The group expressed concern that funding for signature smart growth programs, and projects that have made New Jersey a national leader in smart transportation policy, had been eliminated.
“The Transit Village program is popular with municipalities because it helps them target development to the most appropriate location, near rail and bus hubs,” said Janna Chernetz, New Jersey Advocate for TSTC. “But Transit Village funding has been completely eliminated from the 2012 program.”
State Transportation Department officials were not immediately available for comment.
The Tri-State Transportation Campaign’s report states that 44 percent of the NJDOT’s 2012 capital program is dedicated to fixing and maintaining roadways and bridges, while 11 percent of funds are going to road expansion projects. Spending on roadway and bridge maintenance has declined since 2008, when it made up 46.9 percent of the capital program.

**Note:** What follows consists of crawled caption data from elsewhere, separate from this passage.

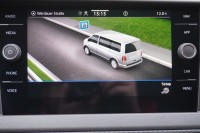 VW T6 Caravelle T6.1 2.0 TDI DSG Lang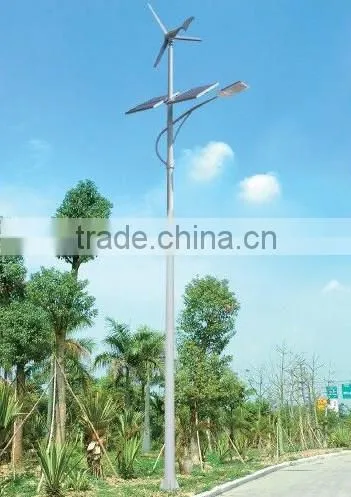 Good Price 28w Solar Panel Street Light photo-2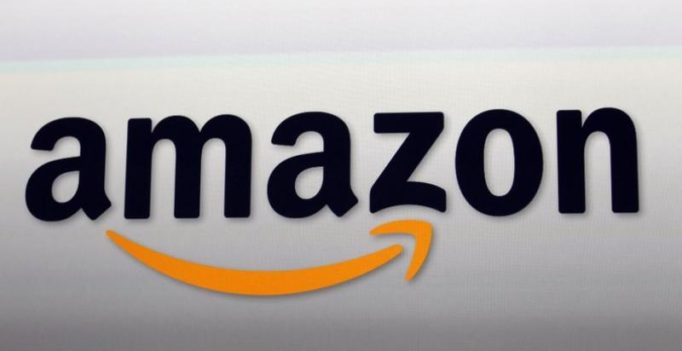 Amazon sends buyer single bag of dog food wrapped in 150 air-filled plastic pouches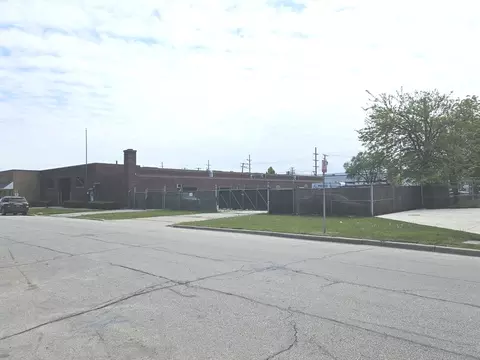 7225 W 59th St, Summit, IL 60501 photo 22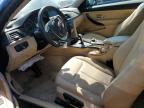 2015 Bmw 428 I на продаже в Hampton, VA - Front End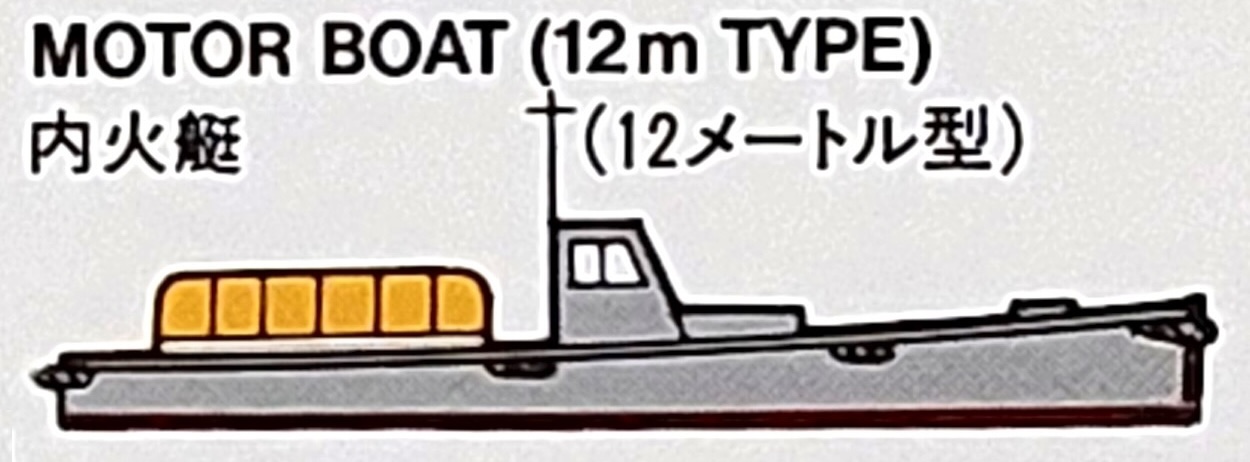 12m_Motorboat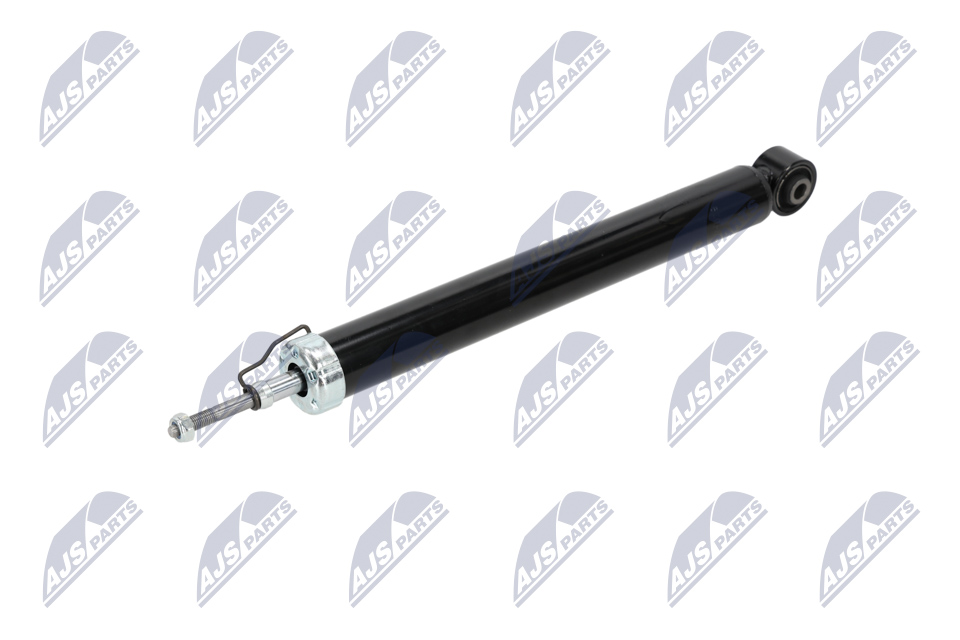 Stoßdämpfer A-BM-029 NTY 33503453525 BMW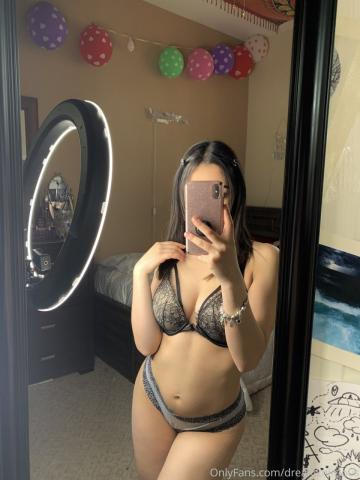 Ульяна фото 2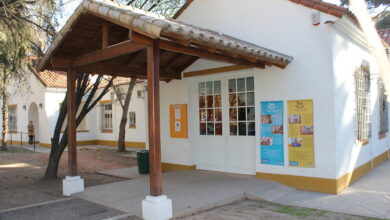 Museo del Juguete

While spending on road and bridge maintenance still makes up the largest portion of the proposed budget, the agency will be spending a larger portion of its capital program on new construction than it has in any year in nearly a decade. Spending on new road capacity was 3.6 percent of the capital program in 2009 and 8.9 percent in 2011, and has generally hovered around 5 percent since 2004.
The group noticed some positive developments, praising the NJDOT for increasing spending on biking and walking projects. Funding for bicycle and pedestrian projects is now nearly 3 percent of the agency’s overall spending, the Tri-State Transportation Campaign’s report showed.
The group’s report made several recommendations. They include:
*Recommit to the fix-it-first policy mandated in 2000 to reduce the backlog of deficit roads and bridges by half as the state approves the Transportation Capital Program this year.
*Review proposed road expansion projects and call off projects that will not offer sustainable congestion relief.
*Create a consistent fix-it-first policy among all state transportation agencies, including NJDOT and the New Jersey Turnpike Authority.
*Restore and increase funding for the state’s smart growth programs to ensure continued progress on these initiatives. Dedicate at least 1 million annually to NJ Transit Village program and the Centers of Place program. It also recommended launching a new round of NJ FIT projects that help towns plan for the future.
*Continue funding bicycle and pedestrian projects, targeting financial support to places with the highest number of pedestrian and bicyclist injuries and deaths. Restore funding to the Safe Routes to Transit program to at least $1 million annually
*Use money previously earmarked for Access to the Region’s Core for its intended purpose of improving the cross-Hudson commute.
*Find new sources of revenue. The proposed capital program relies on $1.8 billion in transfers from the state’s General Fund over five years, revenues that presently do not exist.
The department responded later Monday to the Tri-State position.
“The New Jersey Department of Transportation’s proposed FY 12 capital program prioritizes safety and state-of-good-repair projects. While the size of the entire program remains the same as in FY 11, it increases investments in road and bridge repair, rehabilitation and replacement projects, which seems to be precisely what Tri-State is advocating for,” spokesman Tim Greeley said in a statement.
“The proposed FY 12 program increases funds for road and bridge improvements by $210 million, which works out to 23 percent above FY 11 programming. This capital program balances the reality of limited resources with the twin imperatives of promoting public safety and maintaining our assets in a state of good repair.
“In its analysis of the proposed FY 12 capital program, Tri-State mischaracterizes the $900 million Direct Connection project in southern New Jersey as an expansion project, when in fact it re-engineers existing roads to improve safety and reduce congestion.”